見出し画像

People In The Box 『Camera Obscura』 小論

初出: 2023/5/10 「あなたのノイズ、わたしのミュージック。」


People In The Box 『Camera Obscura』



 音楽を止めるのは、他でもないあなただ。


 現実をもとに書き起こされた詞世界で、役は演じられる。現実にて鳴った音が変換された録音で、振動は再現される。言葉を歌うのであればなおのことであるが、音楽作品には複数の軸によって織られる、バーチャル的な特性が付随する。
 わざわざこれを示したのは、その特性に着目したときあらわれてくる像が、幾度再現されたとしても擦り切れ褪せてしまわない美しさを保つだろうと言わしめるようであること、このことこそが本作品を成立させる最低限の要件であるためだ。

 『Camera Obscura』の仮想は何度立ち上げられたって美しい。
 しかし、本作品はただただお望み通りを映し出す幻燈としてあるわけではないだろう。そうなれるポテンシャルだって秘めていながらにして(詳解しないが、そうなれる作品が悪いものだと言うつもりは毛頭ない)。


 最終曲"カセットテープ"の演奏が止まぬうちに、1曲目"DPPLGNGR"の冒頭が差し込まれ、そして唐突に音が切れる。けして似た雰囲気の2曲ではないため、聞き手からしたら突如割り込んできた音によって中空へ放られたようにすら感じられるのではないか。
 本作品はループ再生を想定しているどころか、なかば強いてきているようにすら思える。残された不安を解消する手段として最も手っ取り早いのが、"DPPLGNGR"から始まる『Camera Obscura』を続けて再生することであるためだ。繰り返せば繰り返すだけーー望めば望むだけ、美しい作品世界を漂っていられる。
 ただ、勇気と決断を要求されるものの、もうひとつの手段が残されている。プレーヤーを停止させ、おのれが生きている現実世界に帰ることだ。


 「カメラ」のモチーフも歌詞中に登場する"水晶体に漂う世界"。本曲がおそらく『Camera Obscura』のクライマックスであろう。
 複数人の声がユニゾンして重なり、繰り返されるコーラス。日常生活ではなかなかお耳にかかれない、強い陽射しを思わせる金属音の断続。臓器の底から響かされる、図太く跳ねるリズム。「視たい未来は近いみたい ほらね」と呼びかけてくる者に手を引かれ、意識が仮想の楽園に取り巻かれる。とても心の躍る体感をもたらしてくれる。
 しかし曲の後半、詞の主体は「視線を感じて振り返」り、楽園を創り出している者の声を聞いてしまう。その楽園に存在していない者の声を。
 そして聞き手はそのやりとりを、二者とはまた別の次元から観測することとなる。そのために、直後戻ってくる楽園の音楽にもわたしたちは最早当初の楽しさを見出せず、虚ろいを感じてしまい立ち尽くすのだ。

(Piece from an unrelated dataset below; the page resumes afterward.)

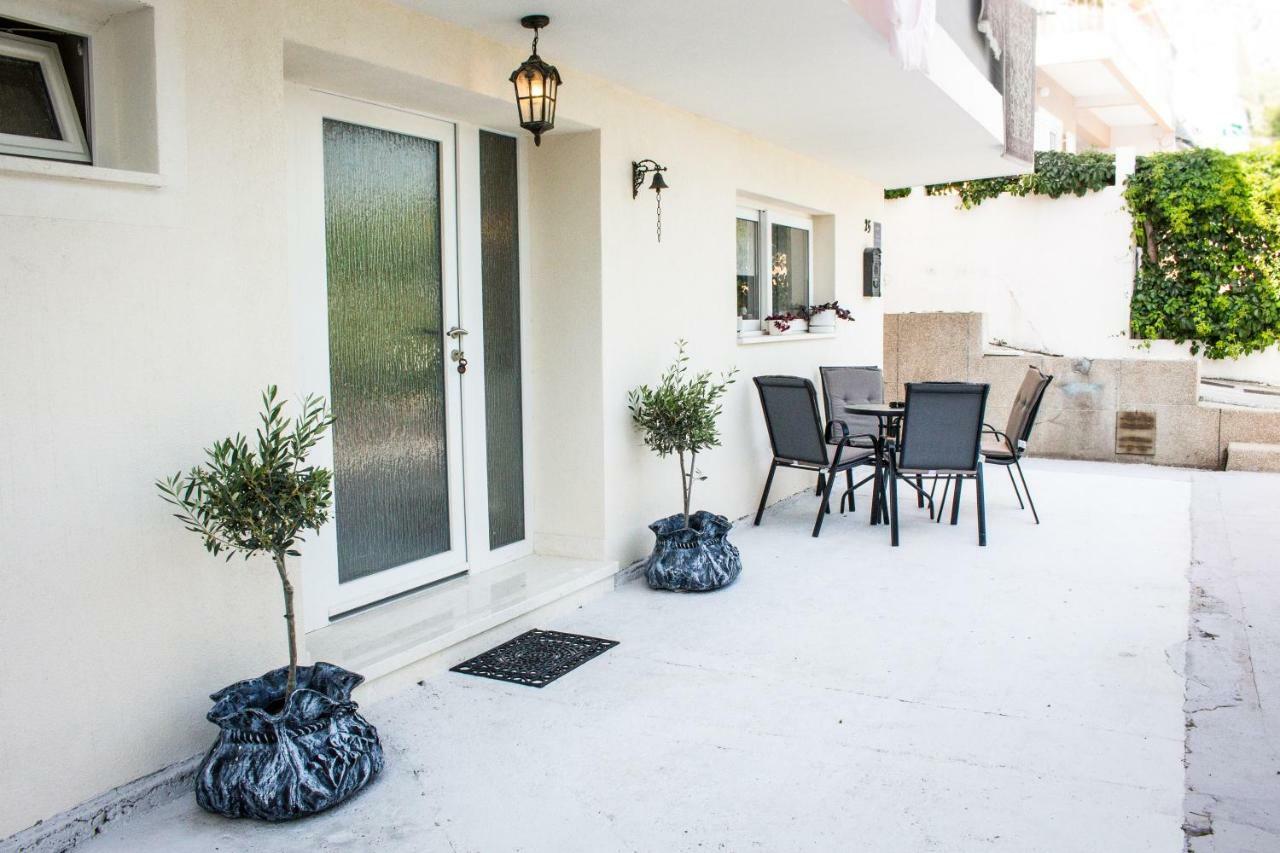 Apartment Verica In Duce - 20 Meters From The Beach Dugi Rat Ngoại thất bức ảnh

 本作品にはこの他にも、作り手が「現実」をおそらく意図的に感じさせてきているのだろうと思わされるポイントが設けられている。仮想世界を組み上げた人々の醒めたままの眼が「現実」のわたしたちを見据えてくる気配を感じたとき、『Camera Obscura』の美しい仮想は美しいまま、居心地の良い場所ではなくなる。
 わたしたちの生きる現実に音楽は成り得ないと、わたしたちが眼を醒ます。ほんとうに叶う望みはそれだけだ。


 まなざしの原点まで伸ばした指で瞼を閉ざし、部屋を出ること。わたしたちはそれを現実の選択肢であると知れる。